Proceedings of the National Academy of Sciences of the United States of America

About the PNAS Member Editor
Name Nasrallah, June B.
Location Cornell University
Primary Field Plant Biology
 Election Citation
Nasrallah has been a leader in elucidating the molecular mechanisms responsible for the self-incompatibility that prevents self-fertilization in plants. She has identified the genes that are expressed by the female and male parts of the flower that interact to cause rejection of self-pollen. Her recent research explores the genetic basis for the evolutionary switches from outcrossing to self fertility.
 Research Interests
My research focuses on the study of the cell-cell interactions required for plant reproduction.

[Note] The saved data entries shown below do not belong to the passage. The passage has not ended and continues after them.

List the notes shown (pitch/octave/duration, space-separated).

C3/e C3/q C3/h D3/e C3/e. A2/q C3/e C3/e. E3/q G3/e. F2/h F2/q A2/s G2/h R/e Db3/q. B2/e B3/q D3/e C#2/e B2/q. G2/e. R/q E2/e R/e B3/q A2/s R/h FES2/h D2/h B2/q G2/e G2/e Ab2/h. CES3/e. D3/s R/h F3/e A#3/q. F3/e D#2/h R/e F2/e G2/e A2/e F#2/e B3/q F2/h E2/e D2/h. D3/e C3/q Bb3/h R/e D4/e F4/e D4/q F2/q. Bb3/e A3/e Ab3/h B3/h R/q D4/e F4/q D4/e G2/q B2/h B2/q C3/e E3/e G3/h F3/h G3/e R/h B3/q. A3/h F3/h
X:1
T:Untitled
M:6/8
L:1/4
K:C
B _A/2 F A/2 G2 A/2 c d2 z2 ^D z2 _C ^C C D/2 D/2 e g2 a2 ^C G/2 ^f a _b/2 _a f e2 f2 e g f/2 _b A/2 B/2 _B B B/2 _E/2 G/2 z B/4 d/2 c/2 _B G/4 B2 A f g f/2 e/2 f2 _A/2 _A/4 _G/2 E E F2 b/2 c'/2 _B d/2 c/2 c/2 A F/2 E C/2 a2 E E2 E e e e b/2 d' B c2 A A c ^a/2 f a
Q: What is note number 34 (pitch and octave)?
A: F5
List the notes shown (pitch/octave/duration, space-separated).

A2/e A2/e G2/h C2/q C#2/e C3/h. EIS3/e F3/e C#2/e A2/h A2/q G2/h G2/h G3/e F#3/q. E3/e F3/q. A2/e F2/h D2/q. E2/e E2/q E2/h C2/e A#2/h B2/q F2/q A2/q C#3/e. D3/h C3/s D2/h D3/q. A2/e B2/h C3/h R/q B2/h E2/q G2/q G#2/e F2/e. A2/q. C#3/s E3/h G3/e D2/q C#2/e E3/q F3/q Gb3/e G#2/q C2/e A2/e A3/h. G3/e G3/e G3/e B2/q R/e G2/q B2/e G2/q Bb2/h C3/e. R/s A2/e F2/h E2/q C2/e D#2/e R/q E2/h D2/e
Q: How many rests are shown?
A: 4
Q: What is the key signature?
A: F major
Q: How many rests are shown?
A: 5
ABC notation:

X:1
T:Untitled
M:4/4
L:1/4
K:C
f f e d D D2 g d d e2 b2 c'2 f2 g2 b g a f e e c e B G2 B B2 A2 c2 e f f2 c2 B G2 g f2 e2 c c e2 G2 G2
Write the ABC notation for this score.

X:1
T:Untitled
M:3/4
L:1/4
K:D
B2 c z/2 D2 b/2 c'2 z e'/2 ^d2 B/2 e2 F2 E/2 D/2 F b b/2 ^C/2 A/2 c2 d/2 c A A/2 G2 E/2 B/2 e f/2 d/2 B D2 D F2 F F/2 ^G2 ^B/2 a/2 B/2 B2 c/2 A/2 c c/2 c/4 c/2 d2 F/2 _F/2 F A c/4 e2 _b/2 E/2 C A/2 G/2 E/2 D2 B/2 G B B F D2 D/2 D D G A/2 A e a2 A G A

By studying the highly specific interactions between the pollen or pollen tube and the female pistil, we expect to understand the mechanisms underlying reproductive success and mating specificity within and between species, and to shed light on the more general problem of cell-cell communication in plants. A long-standing interest has been to investigate the mechanism of self-incompatibility in crucifers, a major barrier to self-fertilization that leads to the arrest of self-related pollen grains at the surface of the pistil. We showed that recognition of self-pollen results from allele-specific interactions between a receptor kinase expressed on the epidermal cells of the pistil and its ligand, a small peptide expressed on the surface of pollen grains. By transformation with a pair of receptor and ligand genes, we rendered the self-fertile species A. thaliana self-incompatible, thus demonstrating that these two proteins are the major determinants of the out-breeding mode of reproduction in crucifers. Our current work aims at understanding the basis of specificity in receptor-ligand interaction, how receptors and ligands co-evolve to generate new self-recognition specificities, and the signal transduction pathway that leads to pollen inhibition. We are also interested in characterizing the genetic basis of evolutionary switches from out-crossing to self-fertility, and thus understand a major process in the reproductive isolation of plant species.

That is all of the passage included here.